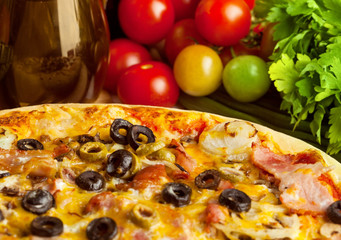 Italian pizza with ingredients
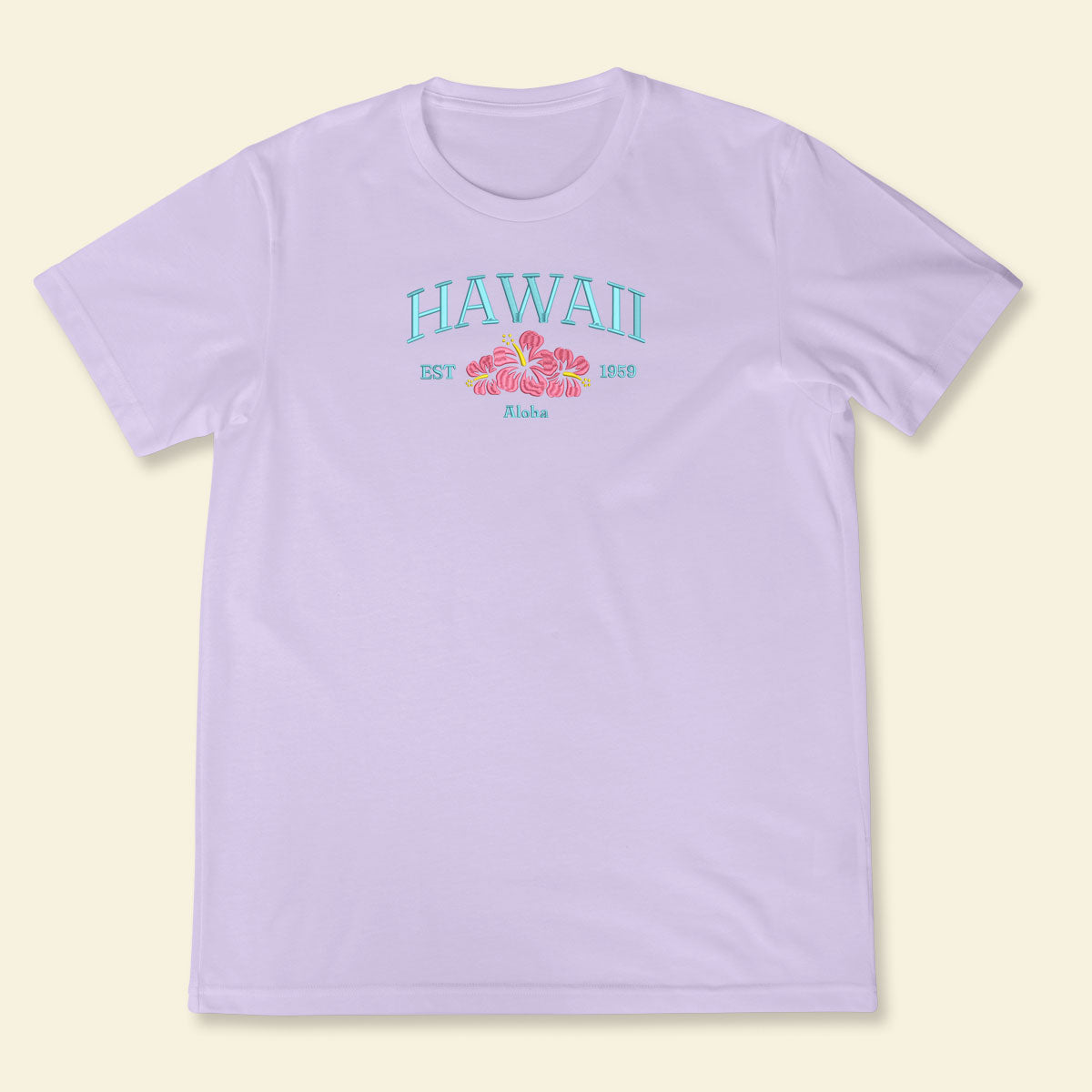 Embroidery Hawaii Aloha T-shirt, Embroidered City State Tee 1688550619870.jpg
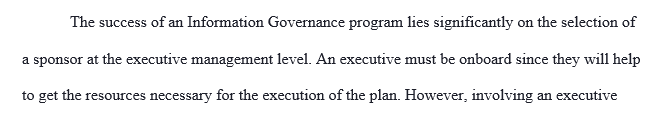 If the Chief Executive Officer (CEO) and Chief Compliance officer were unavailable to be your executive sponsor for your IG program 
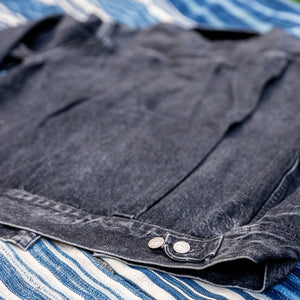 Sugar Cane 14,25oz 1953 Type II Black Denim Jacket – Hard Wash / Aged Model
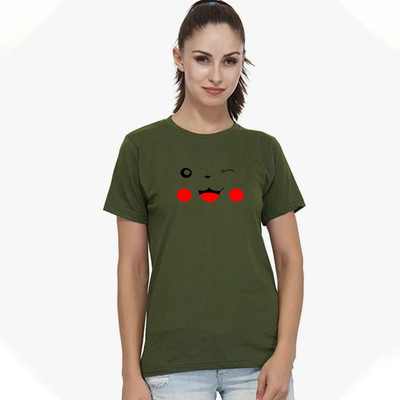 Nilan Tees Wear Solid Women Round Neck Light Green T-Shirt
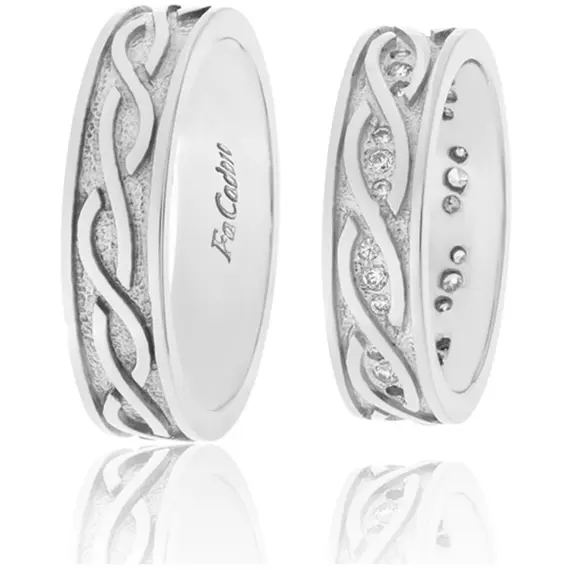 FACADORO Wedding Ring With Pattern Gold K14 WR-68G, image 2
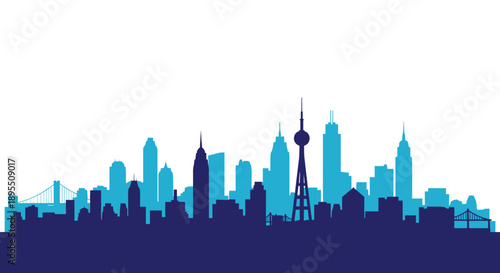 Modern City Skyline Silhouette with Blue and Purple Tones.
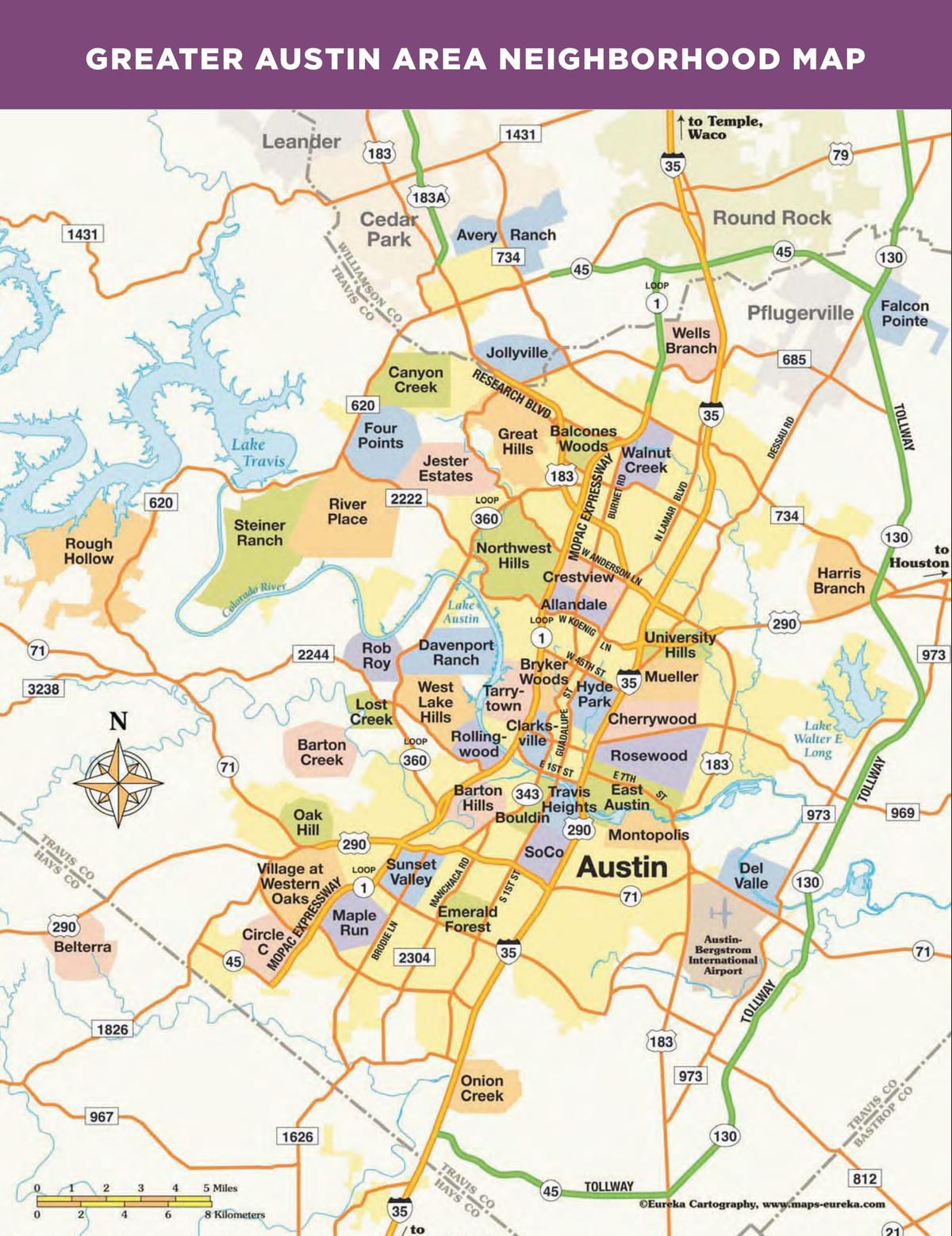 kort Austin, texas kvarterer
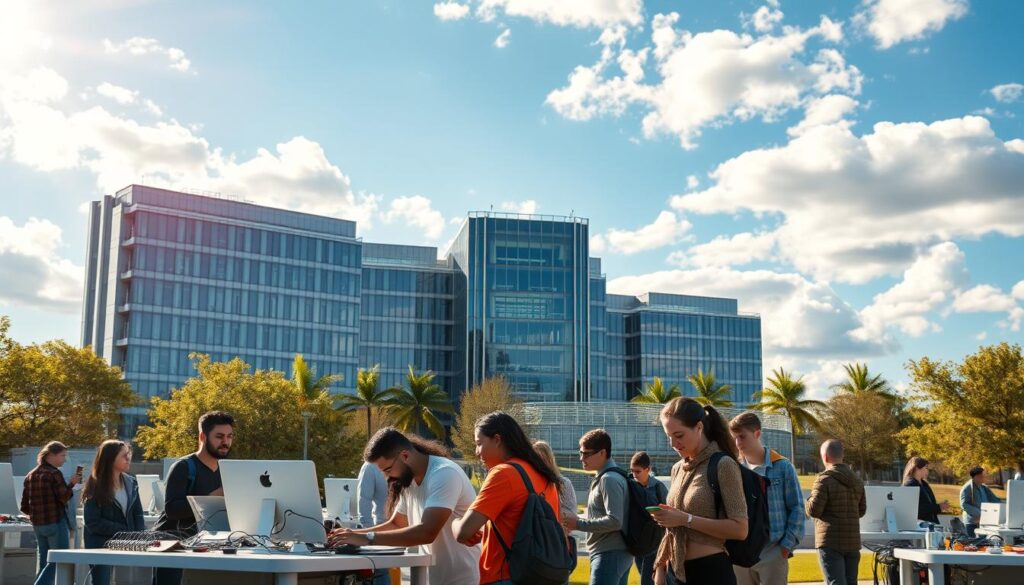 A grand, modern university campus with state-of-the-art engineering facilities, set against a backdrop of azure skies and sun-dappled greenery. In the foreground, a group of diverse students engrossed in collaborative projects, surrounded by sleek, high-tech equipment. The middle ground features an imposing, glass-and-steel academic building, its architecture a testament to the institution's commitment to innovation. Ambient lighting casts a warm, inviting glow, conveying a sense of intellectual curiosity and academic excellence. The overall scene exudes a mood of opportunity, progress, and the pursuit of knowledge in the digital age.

▶ [THE TASK] The line with "Modern City Skyline" and each line after it, through the final line of the data, are to be duplicated exactly, with pictures left out and nothing more included.

▶ [TASK OUTPUT]
 Modern City Skyline Silhouette with Blue and Purple Tones.
 kort Austin, texas kvarterer
 A grand, modern university campus with state-of-the-art engineering facilities, set against a backdrop of azure skies and sun-dappled greenery. In the foreground, a group of diverse students engrossed in collaborative projects, surrounded by sleek, high-tech equipment. The middle ground features an imposing, glass-and-steel academic building, its architecture a testament to the institution's commitment to innovation. Ambient lighting casts a warm, inviting glow, conveying a sense of intellectual curiosity and academic excellence. The overall scene exudes a mood of opportunity, progress, and the pursuit of knowledge in the digital age.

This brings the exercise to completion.